Artiste céramiste française née en 1983, je vis et travaille à Paris.

Formée aux arts appliqués, aux arts plastiques, aux méthodes d’enseignement, à la médiation culturelle, et nourrie par le Land Art, l’Arte Povera, l’Art singulier, j’ai d’abord expérimenté la photographie, la vidéo, l’installation et la performance.

Puis les racines s’encrent sur la feuille blanche et sur fond de cartes à gratter. De blanches figures prises entre terre et ciel se courbent, se recroquevillent, s’entrelacent, s’étirent et se détachent de la page noire comme pour embrasser l’air.

Le modelage fait suite à ces années de pratique du dessin, aux motifs répétitifs; la terre est devenue le matériau d’un renouvellement permanent.

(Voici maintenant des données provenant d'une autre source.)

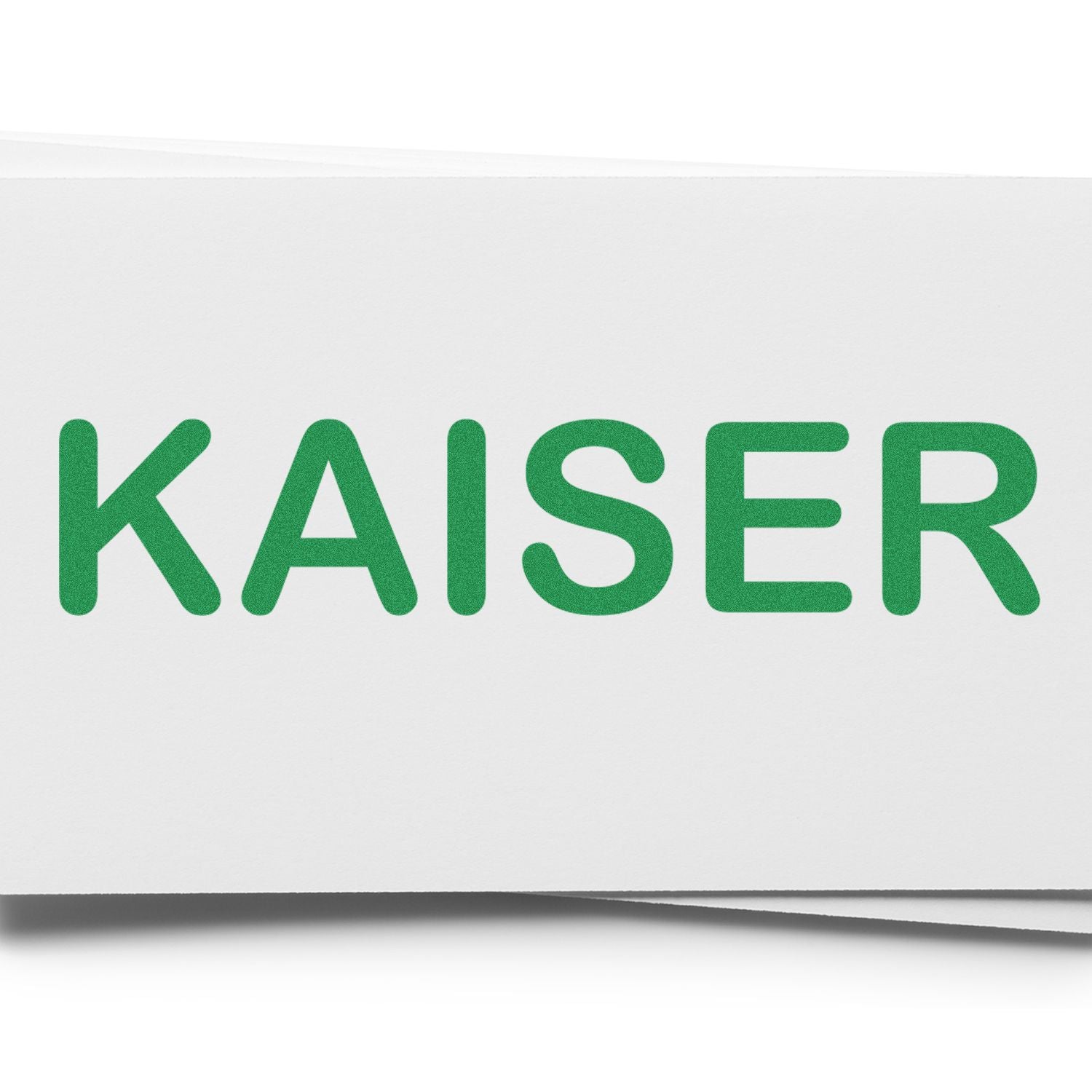 Large Self Inking Kaiser Stamp imprinting the word KAISER in green ink on a white surface.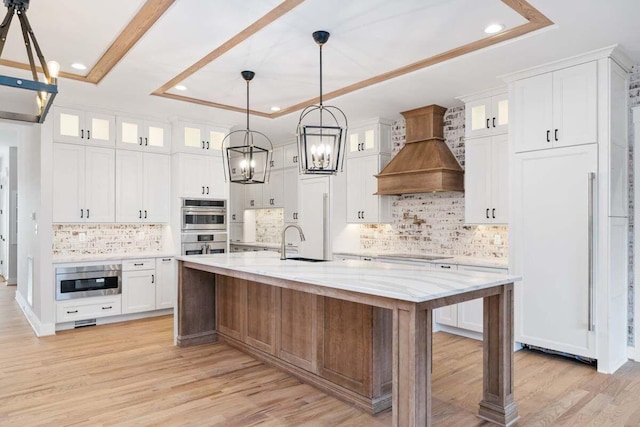 kitchen featuring a large island, light stone counters, custom range hood, white cabinets, and a raised ceiling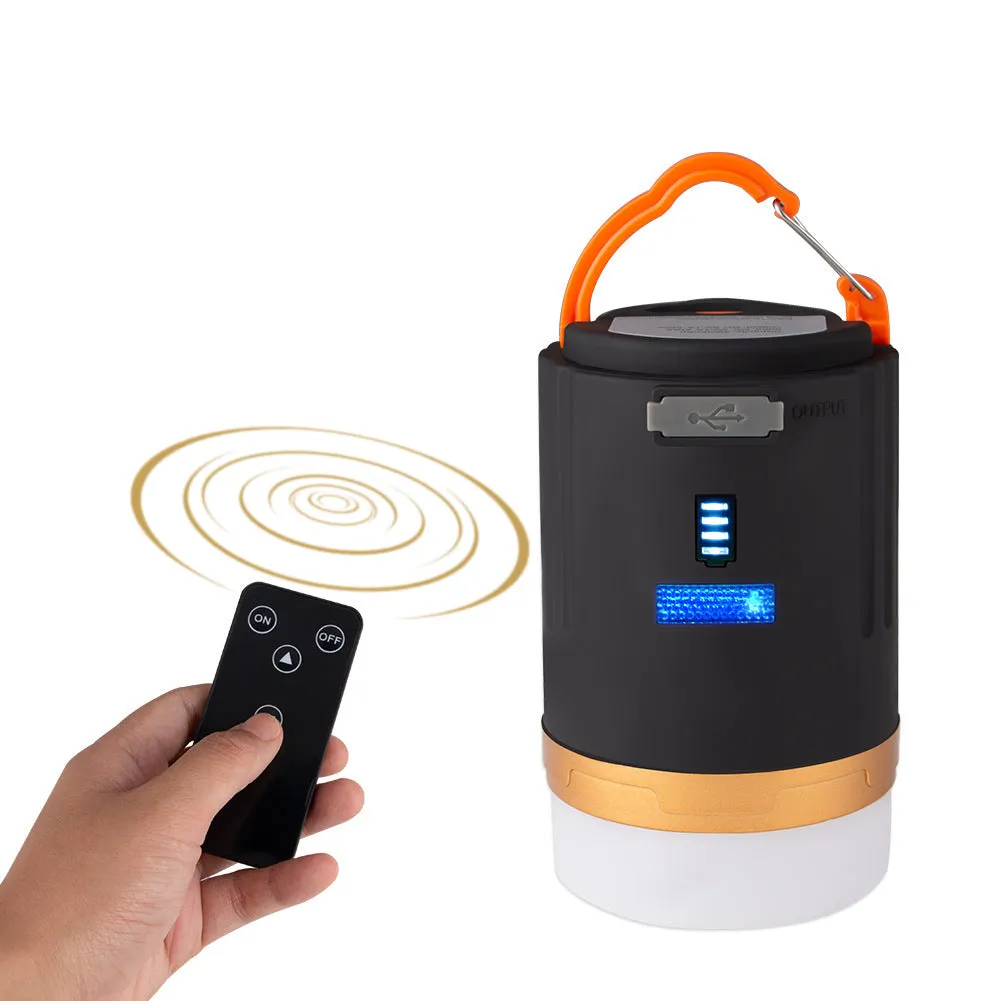Black rechargeable LED camping light with hanging hook and remote control on a table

Je sculpte aujourd’hui principalement les corps et leurs fragments dialoguant avec les instants originels. Aux allures d’Ex Voto, ils sont les témoins d’histoires, les miennes, peut-être les vôtres, remplies de doutes et de désirs, les vestiges de sentiments communs, d’un troublant présent où les rêves se glissent dans les failles d’un avenir incertain.

Par les expériences de la marche, de la danse, du repos, de l’étreinte, je ressens le besoin vital d’animer l’argile pour célébrer la beauté des corps dans leurs profonds désespoirs et leurs plus grandes jouissances.

J’enseigne à la MJC Mercoeur et mon atelier se situe à L’Orfèvrerie.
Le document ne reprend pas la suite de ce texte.